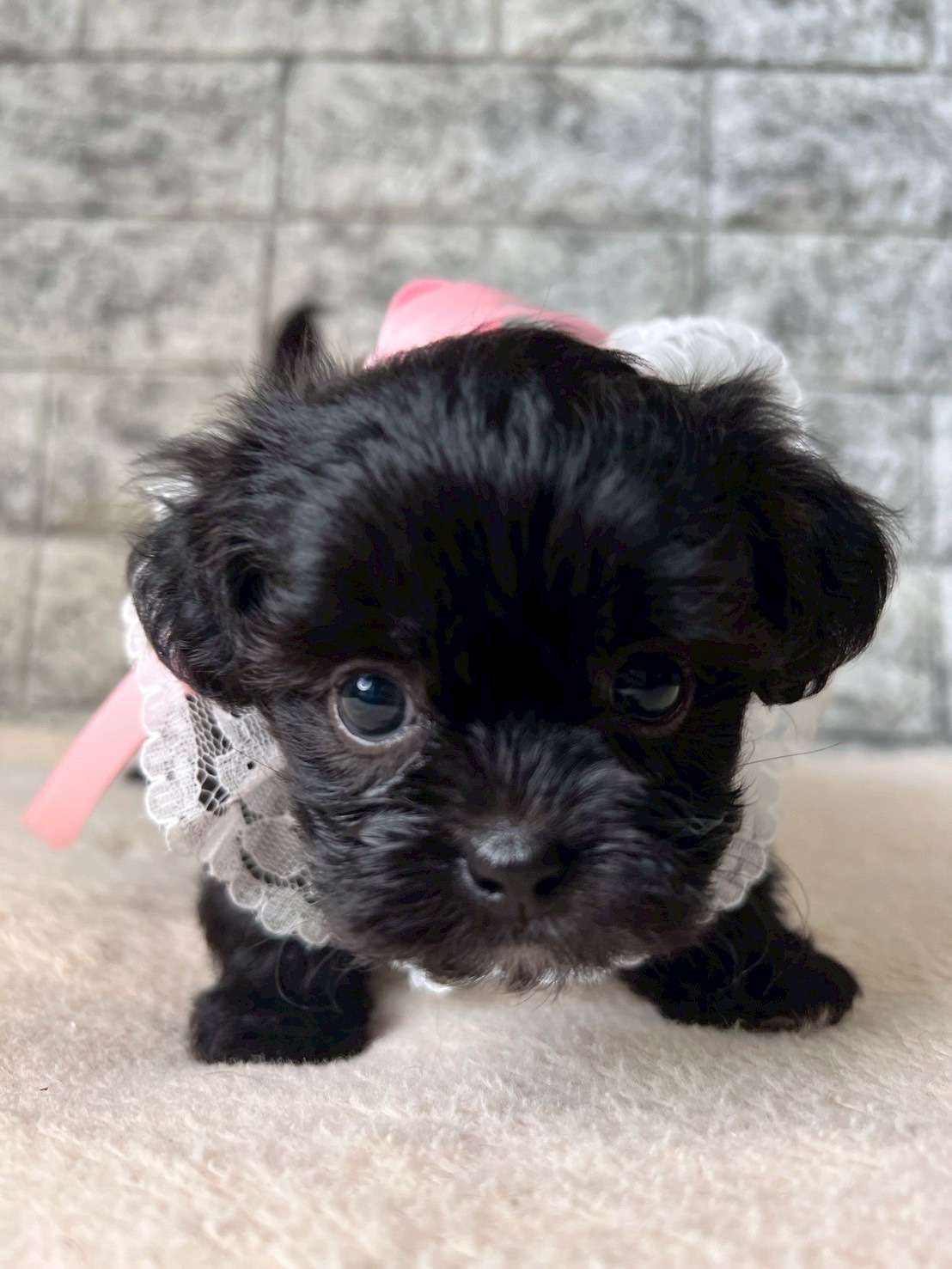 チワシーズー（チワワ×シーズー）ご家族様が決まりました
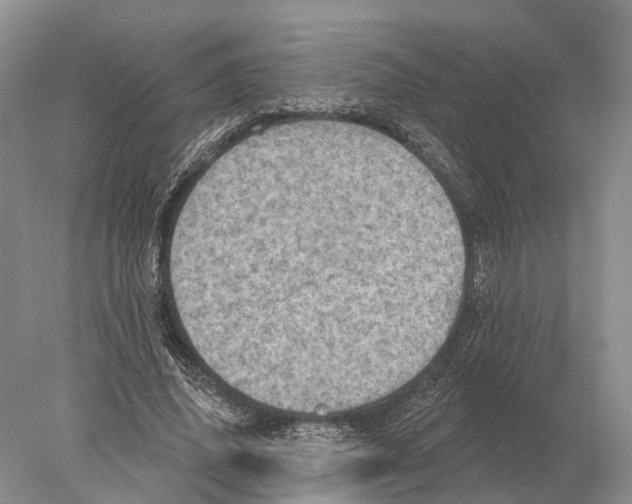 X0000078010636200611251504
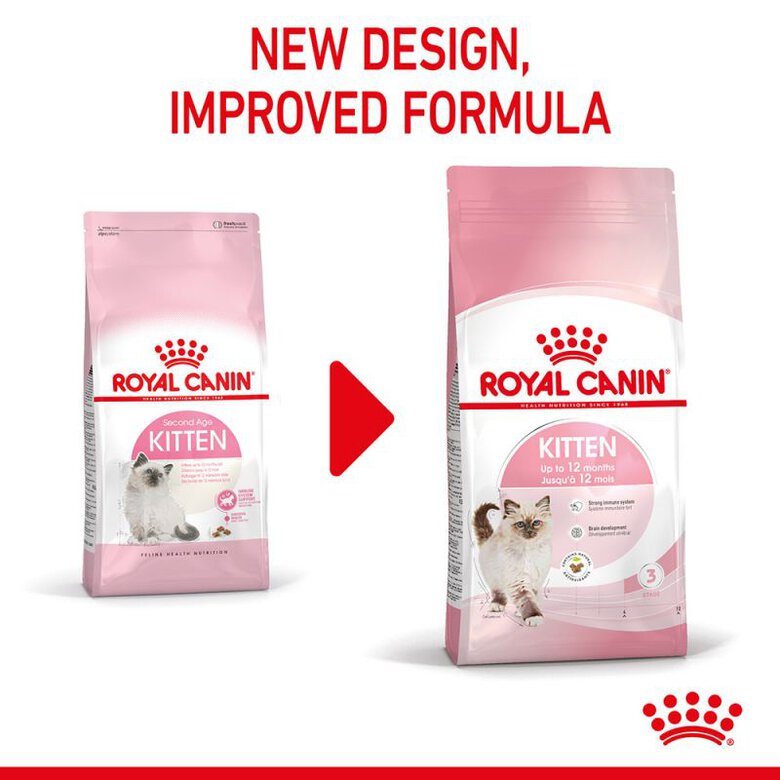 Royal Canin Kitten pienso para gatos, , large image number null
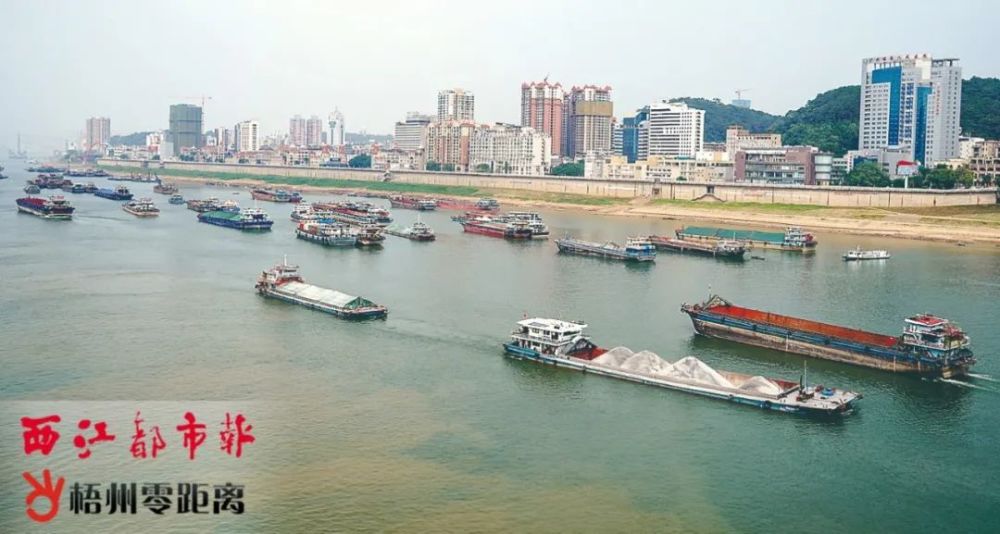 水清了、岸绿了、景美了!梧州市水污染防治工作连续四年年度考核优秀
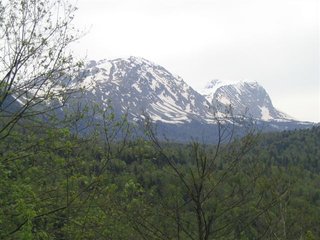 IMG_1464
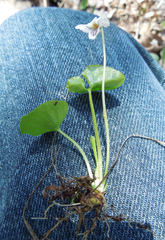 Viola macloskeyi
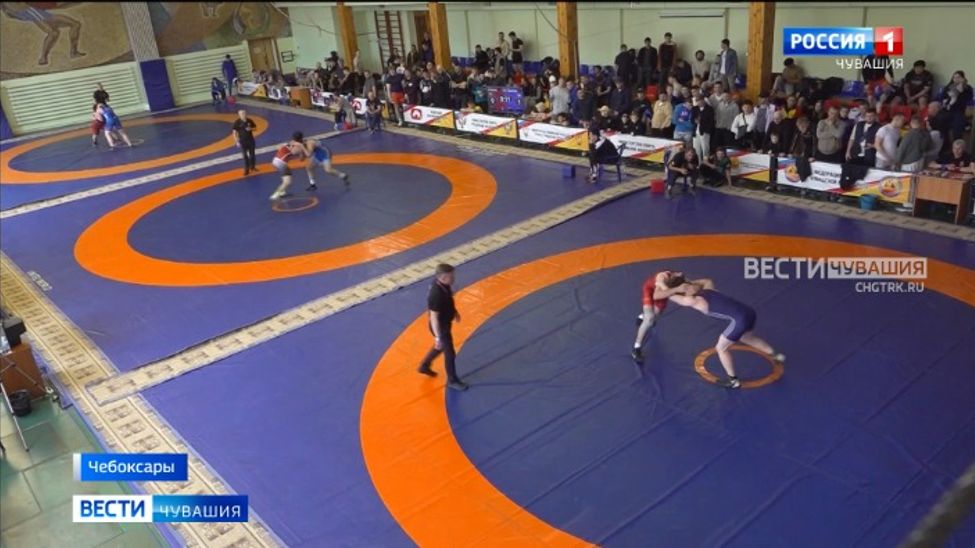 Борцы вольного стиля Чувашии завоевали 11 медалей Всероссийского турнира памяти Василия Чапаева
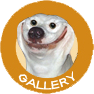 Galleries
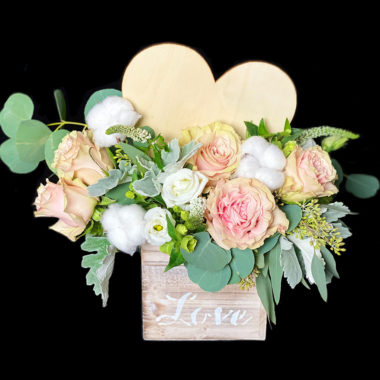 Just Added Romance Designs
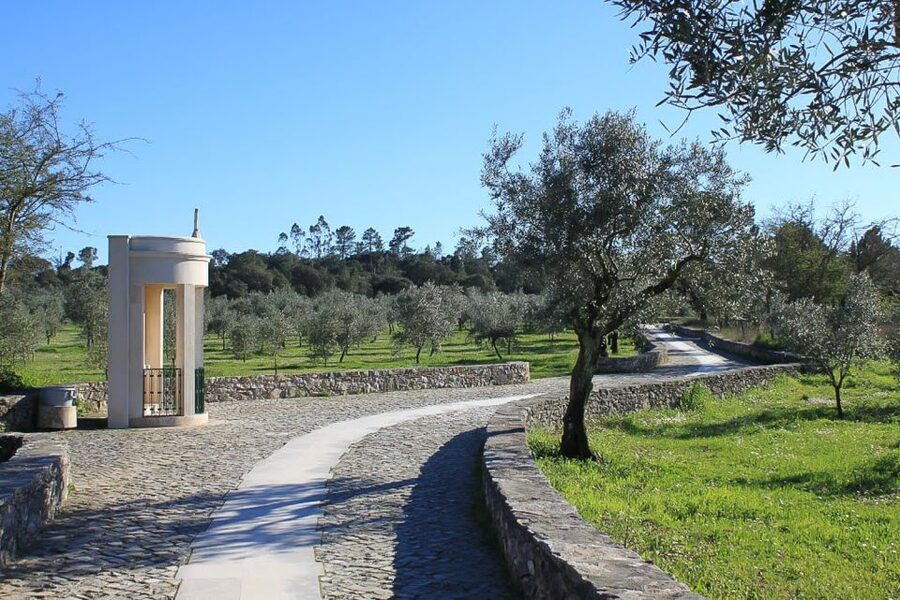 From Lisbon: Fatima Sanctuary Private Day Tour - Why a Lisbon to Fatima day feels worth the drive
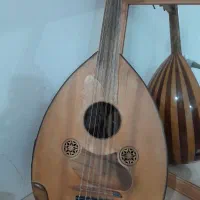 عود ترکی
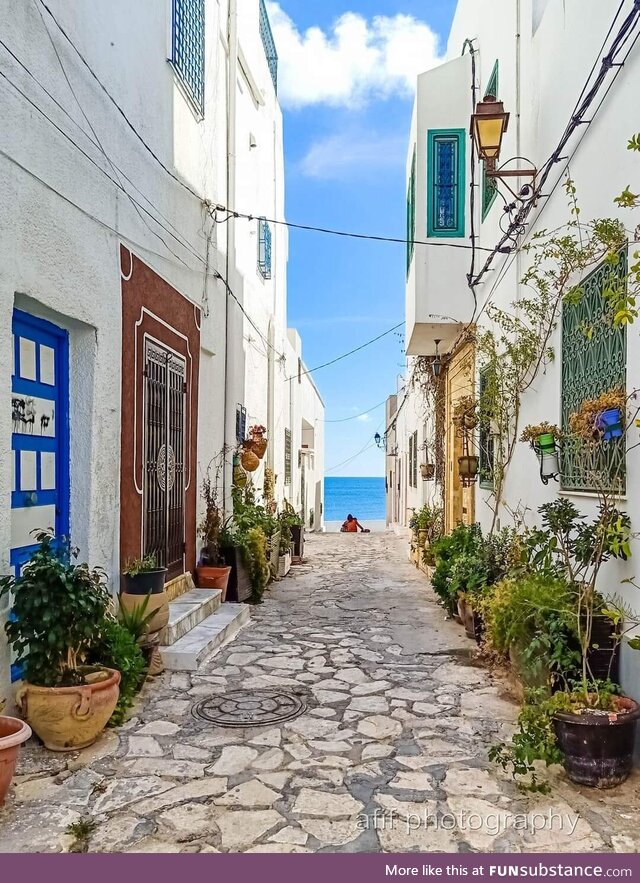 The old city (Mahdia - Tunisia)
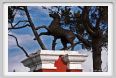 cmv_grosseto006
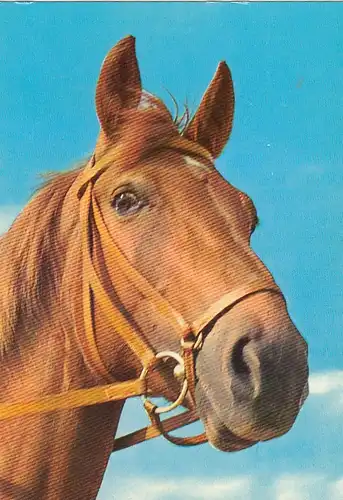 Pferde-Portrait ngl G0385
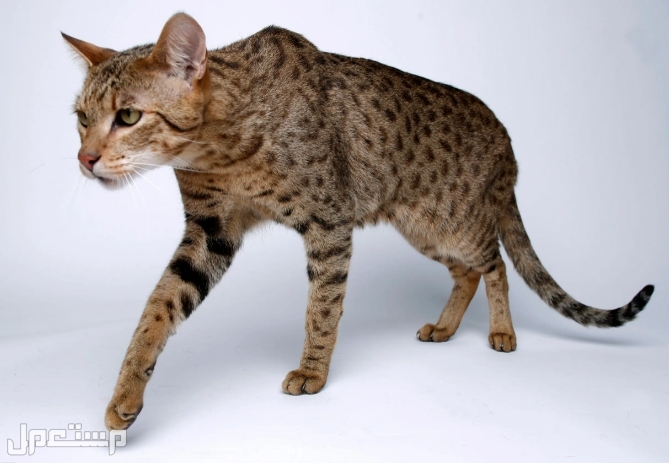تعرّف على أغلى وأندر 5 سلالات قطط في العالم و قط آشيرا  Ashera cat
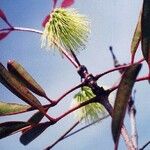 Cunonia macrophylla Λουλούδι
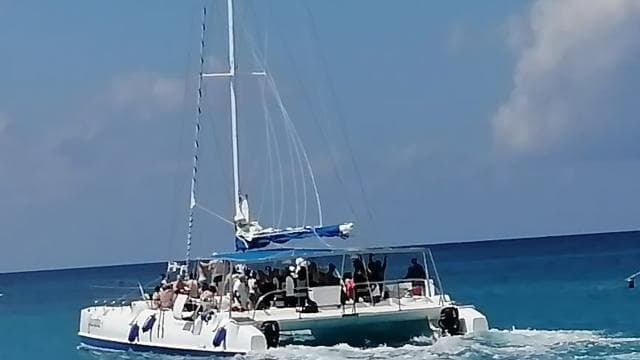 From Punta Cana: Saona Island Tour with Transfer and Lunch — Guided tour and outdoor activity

To do
Exactly the lines running from the one with "The old city (Mahdia - Tunisia)" through the end of the listing above must be output, both ends included. No pictures belong in the output.

Solved exercise
 The old city (Mahdia - Tunisia)
 cmv_grosseto006
 Pferde-Portrait ngl G0385
تعرّف على أغلى وأندر 5 سلالات قطط في العالم و قط آشيرا  Ashera cat
 Cunonia macrophylla Λουλούδι
 From Punta Cana: Saona Island Tour with Transfer and Lunch — Guided tour and outdoor activity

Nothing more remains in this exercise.